Wednesday, July 07, 2010

Hamlet (RSC Macmillan) Edited by Jonathan Bate and Eric Rasmussen.



Who's There?

Despite my praise for the RSC’s complete works project which led me to embarrassing editor Jonathan Bate at a lecture/booksigning when I told him about being “something of a fan”, I was initially a bit reticent about purchasing an individual edition of Hamlet on the assumption that it would simply reprint the material already available in the larger volume. But since I’m a completest and I very much liked the cover with its spade variation on the usual Yorrick’s skull or Ghost, Amazon were soon making a debit to my credit card.

Publication Data

Published 2008 which makes it, I think, the freshest edition of the text available, what with rivals reprinting older material with new covers. The third revised edition of the Arden third series was in 2005.

Introduction

As expected, and perhaps understandably, there is a sense of déjà vu. Much of the introduction replicates text from the complete works, as does the key facts, the text itself obviously and the Shakespeare biography at the back is an abbreviated rewrite of the general introduction. Yet, even if you already have those complete works (and if not, why not exactly, Asda now have copies of the paperback for just over twelve pounds) I would certainly recommend this individual volume, if you’re looking for a thoughtfully edited, brand new "player" rendition of the play.

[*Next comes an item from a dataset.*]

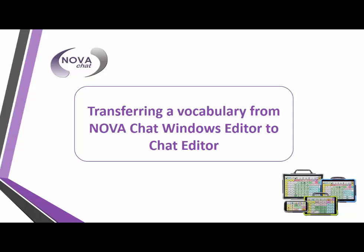This video tutorial will show you how to transfer a vocabulary file from your NovaChat editor to the new chat editor.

Bate’s introduction is relatively short but plain speaking, interested in illuminating the doubling of Hamlet with other characters, Laertes, Fortinbras and Claudius who it’s suggested had comparable schooling. There’s a dichotomy at the heart of Hamlet’s character, Bate suggests, in that he’s capable of some horrible violence, but is unable to react when called upon to do so with pre-meditation because of his intellect, which is I suppose the opposite of Claudius who is capable but doesn’t want to be too bloody and wants to be surreptitious so relies on poison to do his work.

Unusually, the introduction then turns to the stage craft of the fight and that unlike the simple fencing epee of modern productions – notably the RSC with Tennant and Branagh’s film, productions would originally have featured a rapier and dagger which means that the fudge that usually occurs with Hamlet accidentally grabbing Laertes’s weapon should be more purposeful demonstrating a shift in personality. In order to be a worthy successor to his father, he would have to show the same ability to make big decisions like Hamlet Snr’s land grab and this would demonstrate that possibility.

The introduction then expands from the complete works original for a textual discussion related to hammering the play into shape for a coherent production and then a dip into the critical history which cunningly ignores all of the usual names for something rather more oddball. So instead of Bradley, there’s a smattering of Dr Johnson, Goethe, Schlegel, Showalter, Kierkegaard, Freud, Joyce and well, there’s a surprise at the end. What this selection from outside of the critical mainstream demonstrate is that like football, everyone who’s interested as an opinion on Hamlet’s mental state but no one is really sure.

About The Text

Does a good job of explaining the vision for this version of the text. This is, like the Oxford (which I'll be talking about in coming days or weeks) the First Folio in its purest form, with the Q2 additions at the back, “Now all occasions do offend me" and all (note nothing from Q1 which increases the Arden supplement’s value) the assumption being that the post-mortality edition of the play was the most up to date copy and as Shakespeare finally intended. Oddly, Q2 has still been used as guide for “corrections” however and some of the readings from the earlier printing have been transposed, not least sexton for sixteene in the gravedigger scene, which is still problematic despite theatrical tradition.

Hamlet in Performance: The RSC and Beyond

After a new scene-by-scene analysis some might say synopsis, we find a thorough stage history with some focus on the RSC. The main theme is continuity and the line which can be drawn from Burbage to Garrick to Macready, Irving, Barrymore, Gielgud, Olivier and take your pick from many of the faces I’ve looked at on this blog, though I like to think it shifts to Jacobi then Branagh then Tennant, which is unfair since it’s rather orthodox and leaves out the wilder excesses of Burton, Warner and Williamson.

What marks out the RSC’s contribution is its willingness to experiment and that’s demonstrated in the edition’s true innovation, a round table discussion between three practitioners who have produced the play for stage. Ron Daniels’s contribution is based on his so-called pyjama Hamlet with Mark Rylance in 1984; John Caird directed Simon Russell Beale for the National in 2000; Michael Boyd the artistic director of the RSC tackled the play in 2004 with Toby Stephens in 2004.

These few pages cover a lot of ground and you might have noticed me already quoting from it in my show reviews and are a demonstration that there’s no better people to talk about the play than those tasked with turning it into a piece of drama although there is some disagreement between the three as to how, for example, brutally the closet scene should be played, how abusive Hamlet should be to his mother, the extent to which he is suspicious of his motives.

How is it, my lord?

A thumping good edition all round then, striking the right note between helping the beginner and offering something new for the fan/scholar. Having taken over from the Penguin as the RSC’s text of choice, it is still very much a player’s edition. The notes at the bottom of each page are brief but pointed and the text is well spaced out and readable. I’d refer you to the complete works first if you’re looking for something with the same scholarly aims but with greater depth.

Hamlet (RSC Macmillan) Edited by Jonathan Bate and Eric Rasmussen. £6.99 paperback. ISBN: 9780230217874.